This was done by creating a dataframe consisting of only songs from each genre, creating a correlation table for that dataframe, extracting the popularity correlation from that genre’s correlation table, and appending it to the correlation dataframe seen above.
As we can see above, this does not dramatically increase the correlations between the attributes and popularity. This could be due to the fact that the fanbase of each artist within each genre likes different attributes. We try accounting for this below.
#Creating a correlation table with each row representing the popularity correlation within only one artists works
corr_Data_Frame = pd.DataFrame()
row = pd.DataFrame()
#Creating a temporary dataframe consisting of songs by artists that appear more than 30 times in the data set
temp = Song_Data_Frame[Song_Data_Frame['artist_freq'] > 30]
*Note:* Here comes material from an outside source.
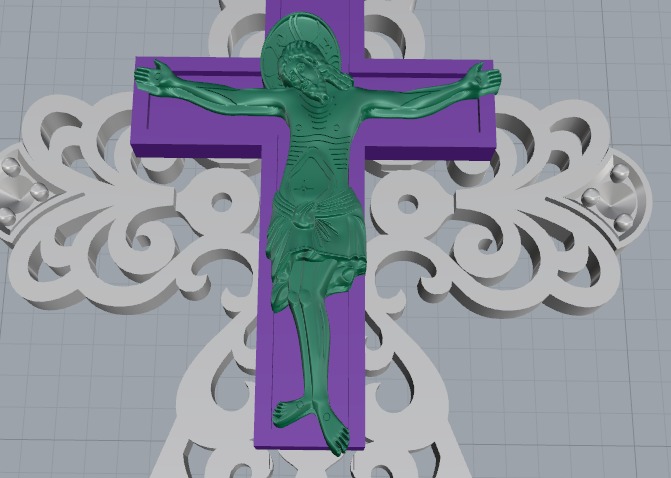 Pendant Cross N012736 3D print model_5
#Looping through each artist
for artist in temp['artist_name'].unique():
#Creating a dataframe consisting of songs from only one artist
row = pd.DataFrame(Song_Data_Frame[Song_Data_Frame['artist_name'] == artist].corr(method = 'spearman').iloc[0])
row = row.transpose().reset_index()
row['index'] = artist
#Extracting the popularity row of the correlation table for the current artist and appending it to the overall
#correlation table
corr_Data_Frame = corr_Data_Frame.append(row, ignore_index = True)
corr_Data_Frame = corr_Data_Frame.rename(columns = {'index' : 'Artist Popularity corr'})
#Calculating the average correlation values between all the artists (on average how well does popularity
#correlate with the other attributes)
print("Mean Correlation With Popularity:\n\n" +
str(np.absolute(corr_Data_Frame.drop(columns = ['artist_freq', 'Artist Popularity corr']).dropna()).mean()))
print("\n\nVariance of Correlation With Popularity:\n\n" +
str(np.absolute(corr_Data_Frame.drop(columns = ['artist_freq', 'Artist Popularity corr']).dropna()).var()))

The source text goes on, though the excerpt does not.